The controversial Resident Watchmen Program — which puts forest preserve staff on the front lines of any after-hours emergency in exchange for below-market-rate government residences — is undergoing an overhaul because of complaints it was a perk for the politically connected and, most recently, allegedly a pot farm for one worker.
“We want to make sure employees have the ability as well as the willingness to have the job,” said forest preserve Supt. Arnold Randall.
The new minimum requirements for resident staffers include: a valid driver’s license, a supervisor’s reference and training and certification in chain-saw use and fire safety.
The revamp plans, which had been in the pipeline for months, come a month after Cynthia Wojtanowski, 45, was charged with growing marijuana near a Tampier South Woods preserve rental home in suburban Orland Park.
Wojtanowski was fired from her $56,468 job as an administrative assistant for the forest preserve district and evicted from her forest preserve home.

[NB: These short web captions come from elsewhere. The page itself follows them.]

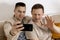 Happy gay couple with casual clothes holding smartphone and talking with friends online, having video call. Homosexual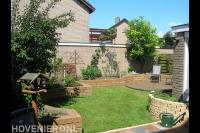 Gezellige achtertuin met gazon en plantenbakken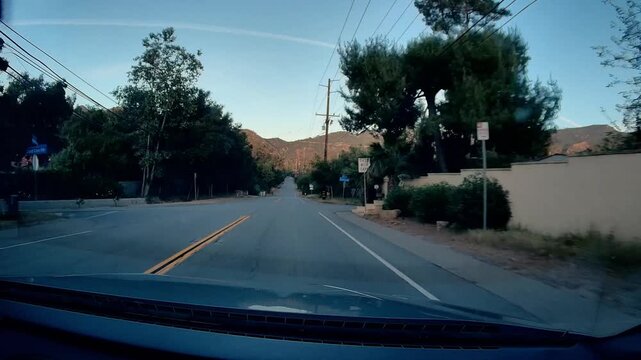 Dashcam view of Mulholland Hwy. winding road through scenic mountainous landscape of Southern California, featuring clear blue sky, green trees, even utility poles alongside pavement.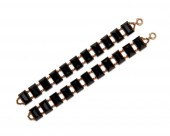 PAIR OF 14K GOLD AND ONYX BRAC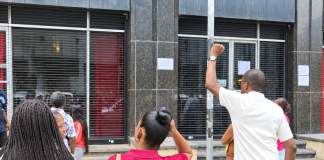 People unable to cash government cheques gather outside Treasury Building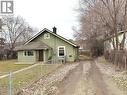 standing on the sidewalk looking down the driveway, which leads to the rear parking area. - 3708 25 Avenue, Vernon, BC  - Outdoor 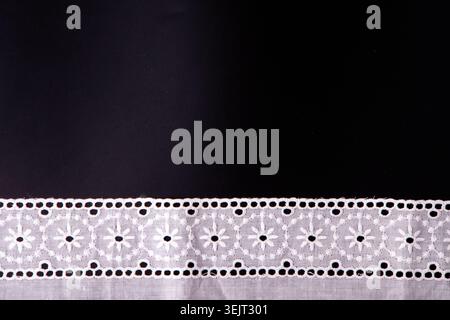 White floral lace ribbon trim on black background, delicate cotton embroidery border fabric mockup. Top view embroidered eyelet flower patterns on a black surface. Text copy space. Stock Photo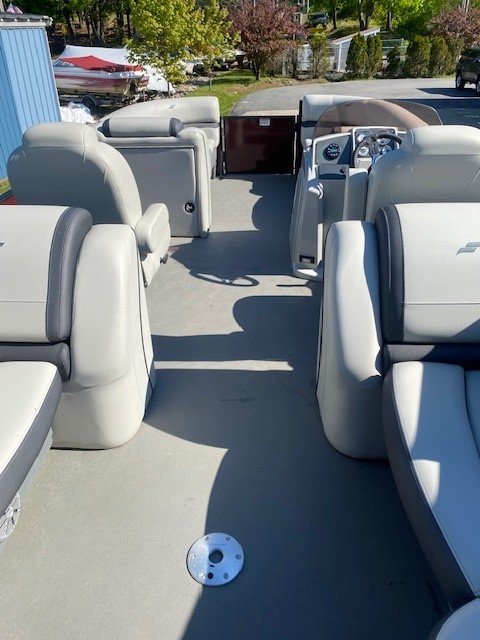 Interior view looking toward the stern of a Starcraft pontoon boat, featuring two light gray upholstered captain's chairs, a steering console, and additional rear lounge seating under a maroon bimini top.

Randall said Wojtanowski had some of the first-responder skills now being required. “But she wasn’t doing all the things she was supposed to do, because she wasn’t reporting illegal things happening on the land, apparently because she was part of that,” he said.

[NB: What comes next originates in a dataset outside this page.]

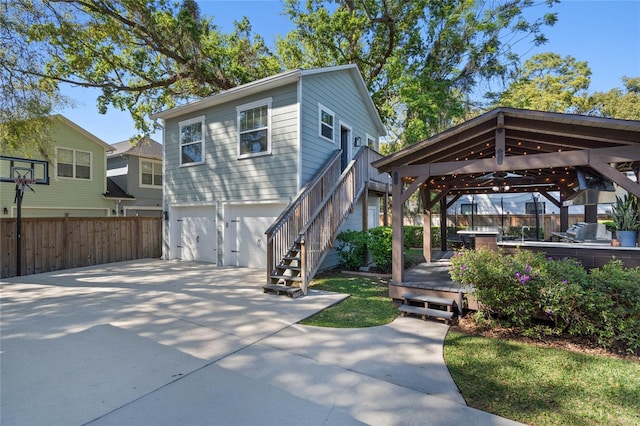 view of front of property featuring fence, a gazebo, concrete driveway, a garage, and stairs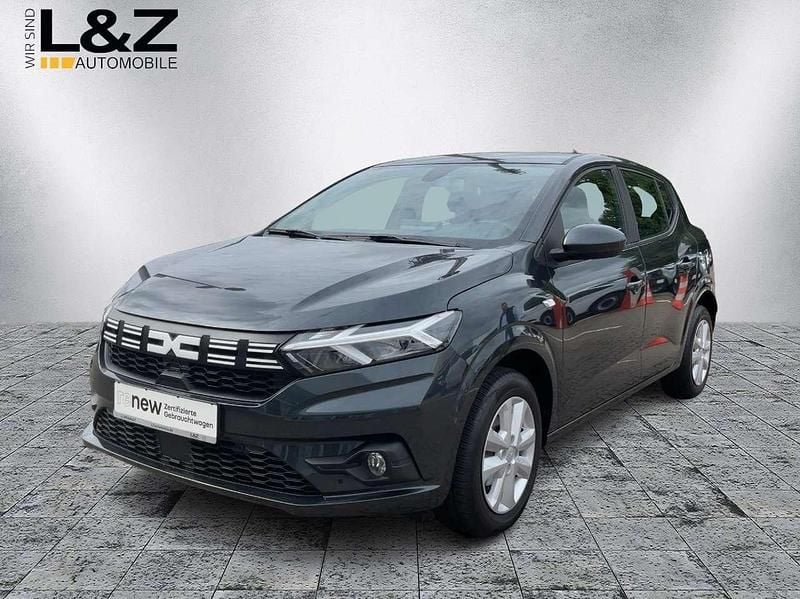 Kometengrau (metallic) Gebraucht 2023 Dacia Sandero Expression Kleinwagen | 14.980 € (Guter Preis) - Bild 1/4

The plan calls for increasing rent payment, but keeping them below the market rate. Some of the 41 residences in close proximity to others will be used for other purposes.
Forest preserve Commissioner Jeff Tobolski is sponsoring an ordinance to kill the Resident Watchman Program.
“Trying to say these folks provide some extra benefits and that’s why they deserve a discount doesn’t hold water,” Tobolski said. “What about my employees, they put in extra hours, and they don’t get a housing perk?”
Regional forest preserves and the national parks have similar programs, Randall said.
At Wednesday’s forest preserve district meeting, he’ll discuss how the watchmen pay for themselves and eliminate the costly overtime of summoning off-site staff to work in the middle of the night.